Hospitalized children with central venous lines (CVLs) are at higher risk of hospital-acquired infections. Information in electronic health records (EHRs) can be employed in training deep learning models to predict the onset of these infections. Integrating clinical notes with structured EHR data improved the prediction of serious bloodstream infections among pediatric patients with CVLs.

Semi-Supervised Machine Learning

Machine Learning Approaches to Identify Discriminative Signatures of Volatile Organic Compounds (VOCs) from Bacteria and Fungi Using SPME-DART-MS

Point-of-care screening tools are essential to expedite patient care and decrease reliance on slow diagnostic tools (e.g., microbial cultures) to identify pathogens and their associated antibiotic resistance. This study presents a new approach for the identification of pathogens from VOC signatures collected using SPME and ambient ionization MS by training classifiers on just a few samples of data. This ambient plasma ionization and ML approach is robust, rapid, precise, and can potentially be used as a non-invasive clinical diagnostic tool for point-of-care applications.

Online Machine Learning

OnAI-Comp: An Online AI Experts Competing Framework for Early Sepsis Detection

Sepsis has always been a main public concern due to its high mortality, morbidity, and financial cost. There are many existing works of early sepsis prediction using different machine learning models to mitigate the outcomes brought by sepsis. In the practical scenario, the dataset grows dynamically as new patients visit the hospital. Most existing models, being '`offline'' models and having used retrospective observational data, cannot be updated and improved using the new data. Incorporating the new data to improve the offline models requires retraining the model, which is very computationally expensive. To solve the challenge mentioned above, we propose an Online Artificial Intelligence Experts Competing Framework (OnAI-Comp) for early sepsis detection using an online learning algorithm called Multi-armed Bandit. 
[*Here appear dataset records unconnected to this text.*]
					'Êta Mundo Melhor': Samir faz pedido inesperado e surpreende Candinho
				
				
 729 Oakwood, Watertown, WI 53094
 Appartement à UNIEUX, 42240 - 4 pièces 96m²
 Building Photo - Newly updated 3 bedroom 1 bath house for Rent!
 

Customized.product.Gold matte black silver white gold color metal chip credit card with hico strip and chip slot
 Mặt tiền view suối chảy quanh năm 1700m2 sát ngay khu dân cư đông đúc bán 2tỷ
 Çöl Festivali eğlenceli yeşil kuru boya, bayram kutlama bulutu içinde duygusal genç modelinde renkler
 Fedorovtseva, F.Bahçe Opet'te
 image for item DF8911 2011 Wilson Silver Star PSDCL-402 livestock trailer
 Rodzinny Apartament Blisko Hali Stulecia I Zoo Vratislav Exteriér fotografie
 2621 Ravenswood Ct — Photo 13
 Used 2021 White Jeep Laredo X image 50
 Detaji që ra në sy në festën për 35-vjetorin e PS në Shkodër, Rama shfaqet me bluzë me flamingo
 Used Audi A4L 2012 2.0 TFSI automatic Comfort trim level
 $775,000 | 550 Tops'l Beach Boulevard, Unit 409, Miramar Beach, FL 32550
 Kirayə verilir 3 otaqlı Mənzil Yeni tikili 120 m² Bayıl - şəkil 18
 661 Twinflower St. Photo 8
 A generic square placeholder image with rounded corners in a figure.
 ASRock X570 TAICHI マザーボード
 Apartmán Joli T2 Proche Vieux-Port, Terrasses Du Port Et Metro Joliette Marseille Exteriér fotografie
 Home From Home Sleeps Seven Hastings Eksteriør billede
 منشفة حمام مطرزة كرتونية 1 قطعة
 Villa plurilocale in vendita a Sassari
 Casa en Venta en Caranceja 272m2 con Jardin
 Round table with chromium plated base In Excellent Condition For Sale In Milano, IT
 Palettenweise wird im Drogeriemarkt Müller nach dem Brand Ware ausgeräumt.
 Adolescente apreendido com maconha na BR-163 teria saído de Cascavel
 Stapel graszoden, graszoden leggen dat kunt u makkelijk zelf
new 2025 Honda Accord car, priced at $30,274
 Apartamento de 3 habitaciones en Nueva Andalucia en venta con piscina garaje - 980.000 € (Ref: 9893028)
Unsupervised Machine Learning

Cluster analysis and profiling of airway fluid metabolites in pediatric acute hypoxemic respiratory failure

Hierarchal clustering of amino acid metabolites may identify a metabolic signature in children with pediatric acute hypoxemic respiratory failure. We used hierarchal clustering and partial least squares-discriminant analysis to profile the tracheal aspirate airway fluid using quantitative LC–MS/MS to explore clusters of metabolites that correlated with acute hypoxemia severity and ventilator-free days. Three clusters of children that differed by severity of hypoxemia and ventilator-free days were identified. Quantitative pathway enrichment analysis showed that cysteine and methionine metabolism, selenocompound metabolism, glycine, serine and threonine metabolism, arginine biosynthesis, and valine, leucine, and isoleucine biosynthesis were the top five enriched, impactful pathways. 

Computer Vision

Uncertainty-Aware Convolutional Neural Network for Identifying Bilateral Opacities on Chest X-rays: A Tool to Aid Diagnosis of Acute Respiratory Distress Syndrome

Acute Respiratory Distress Syndrome (ARDS) is a severe lung injury with high mortality, primarily characterized by bilateral pulmonary opacities on chest radiographs and hypoxemia. In this work, we trained a convolutional neural network (CNN) model that can reliably identify bilateral opacities on routine chest X-ray images of critically ill patients. We propose this model as a tool to generate predictive alerts for possible ARDS cases, enabling early diagnosis. We used a novel training technique that enables the CNN to explicitly predict the ‘equivocal’ class using an uncertainty-aware label smoothing loss.